Gary was here for a decade of great change and departs as we embark on a major change after the loss of federal funding. He left us in really good shape. KSPS PBS has a very healthy balance sheet. We have a very healthy income statement. We have endowment. We have rainy day funds.
All of that is due to Gary's thoughtful and cautious philosophy as far as maintaining the financial health of an organization, and that strength has really set us up to weather the last year of disruption and be able to reorganize and redeploy from a position of strength. And I can't thank him enough for that.
How has KSPS PBS been able to deal with those federal funding challenges, and what is your plan moving forward to ensure your station has adequate funding?
The loss of federal funding is historic. I cannot understate how shocking it is to have funding that was guaranteed for nigh on 60 years to be rescinded with no warning, no spend-down time, nothing.
But the fact is, public media has always been mostly funded by individual donors. As harmful as the loss of, for us, 18% of our operating revenue was, it's damaging but not existential for us.
And I am speaking now only as KSPS PBS. There are rural stations and stations in poorer parts of the country that have a smaller donor base to draw from, for whom their funding was 40% to 70% federal. To lose that was really damaging to them in a way that will deeply affect those most marginalized communities, frankly.
Here at KSPS PBS, 18% was enough for us to have to cut some positions. We had to cut some programs. We had to make some really hard decisions, and those were some of the first things I had to do as the interim. I had to lay off six people.
But what's unique about KSPS PBS is how grassroots it is. The majority of our support comes from those individuals that give modest amounts because they genuinely value what we provide, and that honestly creates a kind of accountability. We have to earn that support every year by delivering something that people trust and find useful.

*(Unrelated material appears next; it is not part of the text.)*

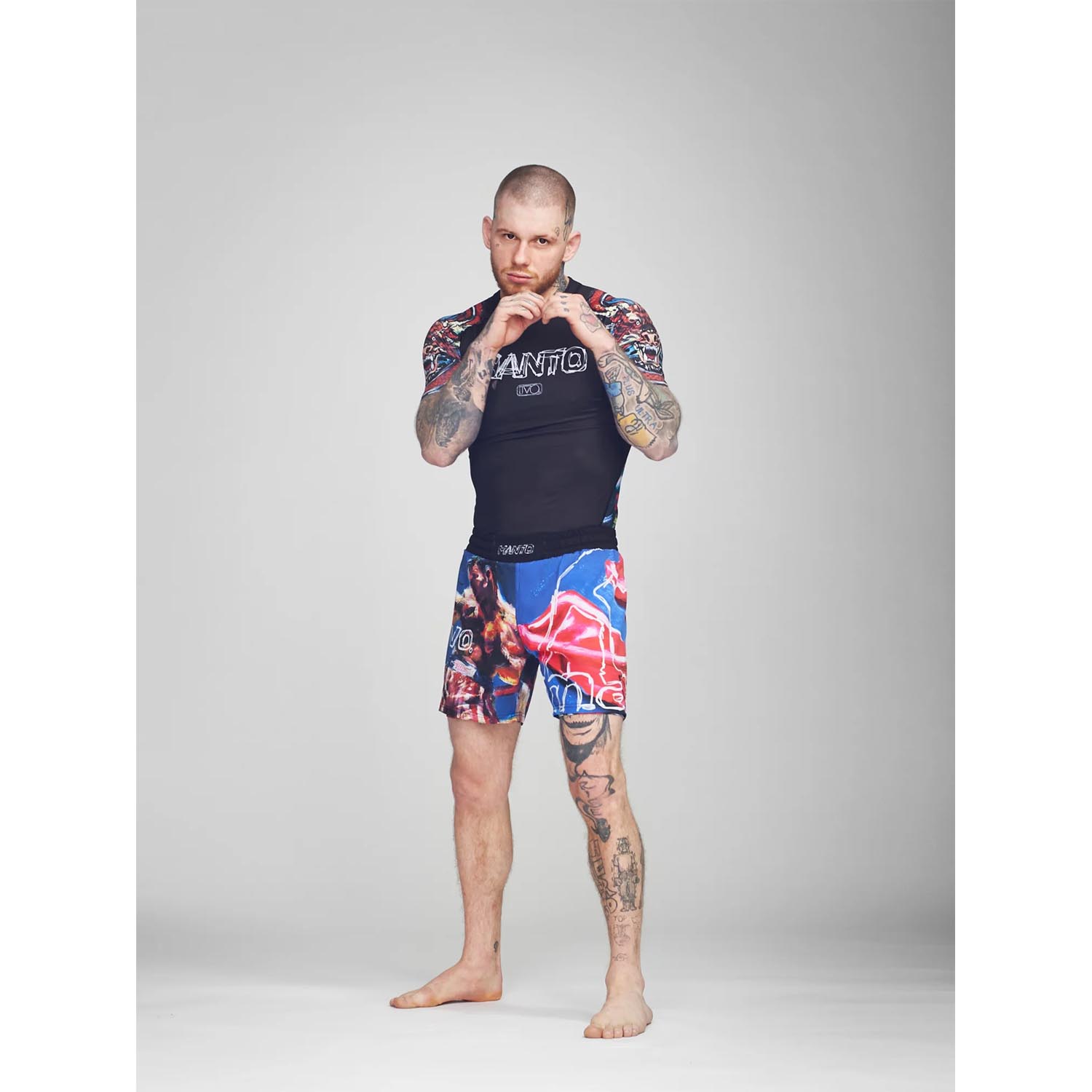 MANTO MMA Fight Shorts, Ivo, blue-black, XXL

We also work with corporate partners and foundations, and of course, we're always looking for ways to modernize and diversify our sources of revenue in responsible ways. We will never be a commercial station. But at its core, it's a community-supported model, and I will say the community has shown up in a big way.

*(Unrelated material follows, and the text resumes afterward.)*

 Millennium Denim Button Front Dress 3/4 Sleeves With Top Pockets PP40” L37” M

We do have a new strategic plan. We are doing a lot of resetting around this new leadership. There's a new plan. There's a new funding model. We recognize we can't do the same old thing we've always done, and that's very real to us as well.
Why is public media so important?
I think about our role in very practical terms. There are a few areas where there's really broad agreement across the community.

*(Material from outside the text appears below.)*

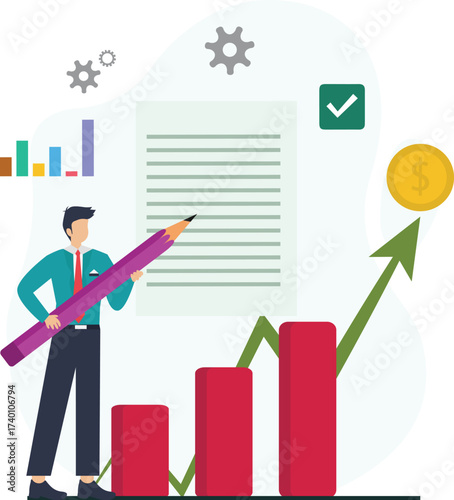 Man holding pencil standing on bar graph with coin and document isolated on adobe illustration vector style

One is education. Our children's education programming is research-based, and it is designed to help kids arrive at kindergarten ready to learn.
Another thing we do is public safety. We are a part of the emergency communication infrastructure.
When you get a wildfire alert or an emergency alert, even if it comes through your phone, often that is coming off the infrastructure of the tower network that public media maintains across the country. KSPS PBS maintains 30 towers atop mountain tops all over this region, and we climb up there — rain, snow, sleet, hail — and make sure those are running.
And then the third area that's growing for us is workforce development.
We built this amazing tool called Career Explore NW in response to local employers who told us that their biggest challenge wasn't really marketing, it was finding people. So we created a tool that helps students and job seekers see what careers look like and how to get into them here in the Inland Northwest.
That’s just the local stuff we do, in addition to civic health programming and televising debates and televising high school concerts. That's all layered on top of the programming that we get nationally from PBS and American Public Television and that world-class programming that people think of when they think of PBS.
This interview has been edited for length and clarity.